Barnes's astrapia

Scientific classification
- Domain: Eukaryota
- Kingdom: Animalia
- Phylum: Chordata
- Class: Aves
- Order: Passeriformes
- Family: Paradisaeidae
- Genus: Astrapia
- Species: A. stephaniae × A. mayeri
- Synonyms: Astrarchia barnesi; Astrapia barnesi;

= Barnes's astrapia =

Hybrid bird

Barnes's astrapia, also known as Barnes's long-tailed bird-of-paradise or Barnes's long-tail, is a bird in the family Paradisaeidae and the genus Astrapia that is a likely hybrid between Stephanie's astrapia (A. stephaniae) and the ribbon-tailed astrapia (A. mayeri).

==Description==
Barnes's astrapia is similar in appearance to both parent species, though closer to a ribbon-tailed astrapia.
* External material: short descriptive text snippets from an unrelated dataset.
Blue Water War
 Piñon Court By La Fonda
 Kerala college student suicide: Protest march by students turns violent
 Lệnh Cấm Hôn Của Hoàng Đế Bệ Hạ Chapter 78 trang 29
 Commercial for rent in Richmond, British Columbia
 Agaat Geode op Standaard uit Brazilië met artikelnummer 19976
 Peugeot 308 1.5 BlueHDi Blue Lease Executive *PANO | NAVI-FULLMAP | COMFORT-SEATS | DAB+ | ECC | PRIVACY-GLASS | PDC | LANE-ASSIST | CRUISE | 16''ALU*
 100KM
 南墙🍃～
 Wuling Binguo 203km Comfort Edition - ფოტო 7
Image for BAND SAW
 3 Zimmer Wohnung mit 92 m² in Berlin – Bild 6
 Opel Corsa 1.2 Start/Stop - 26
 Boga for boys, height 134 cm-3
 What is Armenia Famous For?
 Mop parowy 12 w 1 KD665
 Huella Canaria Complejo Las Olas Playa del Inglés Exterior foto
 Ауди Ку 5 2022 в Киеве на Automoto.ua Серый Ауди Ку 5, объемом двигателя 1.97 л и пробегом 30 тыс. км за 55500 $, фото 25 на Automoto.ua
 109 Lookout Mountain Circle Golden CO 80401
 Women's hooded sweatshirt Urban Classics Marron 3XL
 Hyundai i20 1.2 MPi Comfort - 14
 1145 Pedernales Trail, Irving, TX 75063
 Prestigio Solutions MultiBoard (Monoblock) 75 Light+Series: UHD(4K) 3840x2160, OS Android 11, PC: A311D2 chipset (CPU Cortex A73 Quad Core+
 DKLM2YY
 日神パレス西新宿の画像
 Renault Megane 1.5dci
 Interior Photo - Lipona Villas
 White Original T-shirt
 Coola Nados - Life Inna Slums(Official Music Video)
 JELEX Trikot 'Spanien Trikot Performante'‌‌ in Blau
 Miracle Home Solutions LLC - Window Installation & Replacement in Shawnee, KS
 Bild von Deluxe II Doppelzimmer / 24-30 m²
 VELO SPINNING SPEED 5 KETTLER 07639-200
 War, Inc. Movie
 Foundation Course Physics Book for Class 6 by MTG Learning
Males have two very long white and black tail feathers, glossy blue head and neck, small beak and a black body. Females have fewer blue feathers on their head as well as shorter tails.

==Taxonomy==
Until 1930, Barnes's astrapia (and all the other hybrid birds-of-paradise) were thought to be species and were named as such. Barnes's astrapia was named Astrarchia barnesi by Iredale in 1948, under the presumption that it is a species.

==Distribution==
Barnes's astrapia lives in the montane forest of Papua New Guinea, where the ranges of the parent species overlap on a small part of the Hagen Range and Mount Giluwe, usually at 2,300–2,600 m asl.